Forget about the articles published by the jingoistic Global Times and statements such as “we don’t know how India dares to flatly scrap Kashmir’s autonomy” by its equally cacophonous editor Hu Xijin. Chinese media and scholars must know that it is India which accorded “special status” to Kashmir, not any other country and this special status was temporary in nature. It was again India which took it to the United Nations at a time when China didn’t even repose its trust in the international organisation. Since the UN failed to vacate Pakistan Occupied Kashmir from Pakistani armed forces, a prerequisite for the plebiscite, India increasingly adopted the bilateral approach demonstrated by the 1972 Simla Agreement. However, rather than finding a bilateral solution, Pakistan has exported terror by creating terror outfits like Jaish-e-Mohammed, Lashkar-e-Tayyaba, Jamat-ud-Dawah, etc., as instruments of state policy. It is in this context that India deemed it fit to put a full stop to the policies that didn’t yield desirable results in Kashmir. It was also in this context that Indian External Affairs Minister S. Jaishankar told his Chinese counterpart on 12 August on the sidelines of the Second High-Level Cultural and People to People Exchange Mechanism that the abrogation of Article 370 was an internal affair of India and that the move would have no implication for either the external boundaries of India or the Line of Actual Control with China.
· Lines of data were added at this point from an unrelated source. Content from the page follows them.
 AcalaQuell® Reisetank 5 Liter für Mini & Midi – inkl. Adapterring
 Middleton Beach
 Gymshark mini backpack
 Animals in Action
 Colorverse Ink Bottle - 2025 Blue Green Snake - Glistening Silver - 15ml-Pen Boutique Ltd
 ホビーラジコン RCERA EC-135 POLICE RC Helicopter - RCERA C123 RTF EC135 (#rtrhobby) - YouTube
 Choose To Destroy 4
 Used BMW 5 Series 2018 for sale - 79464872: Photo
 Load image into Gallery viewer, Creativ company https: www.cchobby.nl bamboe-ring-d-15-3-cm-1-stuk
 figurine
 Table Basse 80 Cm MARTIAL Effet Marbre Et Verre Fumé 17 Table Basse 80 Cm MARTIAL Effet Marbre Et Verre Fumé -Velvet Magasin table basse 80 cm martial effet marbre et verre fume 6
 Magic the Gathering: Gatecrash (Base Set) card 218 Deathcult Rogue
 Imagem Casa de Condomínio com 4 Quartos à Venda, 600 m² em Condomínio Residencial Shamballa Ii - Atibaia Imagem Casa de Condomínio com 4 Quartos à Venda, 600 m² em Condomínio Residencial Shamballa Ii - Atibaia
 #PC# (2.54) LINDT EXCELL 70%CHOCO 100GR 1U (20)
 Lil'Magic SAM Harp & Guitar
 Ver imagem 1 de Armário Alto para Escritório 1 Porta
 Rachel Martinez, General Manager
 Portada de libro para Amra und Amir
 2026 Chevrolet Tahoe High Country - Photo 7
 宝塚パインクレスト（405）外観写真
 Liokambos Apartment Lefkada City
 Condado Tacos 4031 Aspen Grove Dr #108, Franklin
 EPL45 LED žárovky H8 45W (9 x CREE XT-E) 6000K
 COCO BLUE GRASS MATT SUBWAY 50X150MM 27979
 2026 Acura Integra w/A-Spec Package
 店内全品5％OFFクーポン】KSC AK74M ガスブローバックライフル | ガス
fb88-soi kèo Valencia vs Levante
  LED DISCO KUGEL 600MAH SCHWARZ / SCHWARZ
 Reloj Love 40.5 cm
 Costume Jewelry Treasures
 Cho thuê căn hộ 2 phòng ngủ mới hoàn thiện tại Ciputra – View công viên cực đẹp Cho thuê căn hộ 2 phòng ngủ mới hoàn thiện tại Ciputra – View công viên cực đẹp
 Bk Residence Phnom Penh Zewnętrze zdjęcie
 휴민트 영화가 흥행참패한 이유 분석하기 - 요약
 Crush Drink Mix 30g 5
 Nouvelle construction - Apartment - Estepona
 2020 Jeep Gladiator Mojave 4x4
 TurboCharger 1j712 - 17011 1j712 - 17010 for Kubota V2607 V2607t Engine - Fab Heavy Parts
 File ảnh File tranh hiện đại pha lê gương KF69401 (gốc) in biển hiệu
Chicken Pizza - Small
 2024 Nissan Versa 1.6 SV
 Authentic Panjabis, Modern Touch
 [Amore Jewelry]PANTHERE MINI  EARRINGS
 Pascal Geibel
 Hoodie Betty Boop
Not satisfied with the Indian reply, China pushed the letter of Pakistan foreign minister Shah Mehmood Qureshi on Kashmir for closed-door informal consultations at the UN Security Council without any outcome, nonetheless, China’s ambassador to the UN, Zhang Jun told the media after the meeting that the members of the Security Council “expressed serious concerns” regarding the situation in Jammu and Kashmir, as well the situation of “human rights” there. He reiterated what Wang Yi had told Qureshi in Beijing that the issue must be resolved according to the “relevant Security Council resolutions, the UN Charter and bilateral agreements”, and that it is an internationally recognised dispute. He also said that the “unilateral actions” of India have “changed the status quo” and will aggravate the tensions. As rightly pointed out by Syed Akbaruddin, India’s Ambassador and Permanent Representative to the UNSC that the “two states” [China and Pakistan] have tried to pass off their own statements as the will of the international community.
It is obvious that China has all along exploited India-Pakistan hostilities to its advantage—be it in 1965, 1971, 1999, 2019 India-Pakistan conflicts or the recent abrogation of Article 370. The aim behind arming Pakistan to the teeth including providing it with nuclear technology is to pin India down to the subcontinent on the one hand and play the mediator by claiming the high “moral ground” on the other. It may continue to do so in future too, but China also knows that the space Article 370 had provided it in the UN and Kashmir, will not be there anymore. It is now India’s internal matter and if China tries to meddle in it, it must be watchful of India’s position on Tibet and Xinjiang.
Finally, in the words of Confucius, “Don’t do unto others what you don’t want done unto you.”
B.R. Deepak is Professor of Chinese Studies at Jawaharlal Nehru University, New Delhi.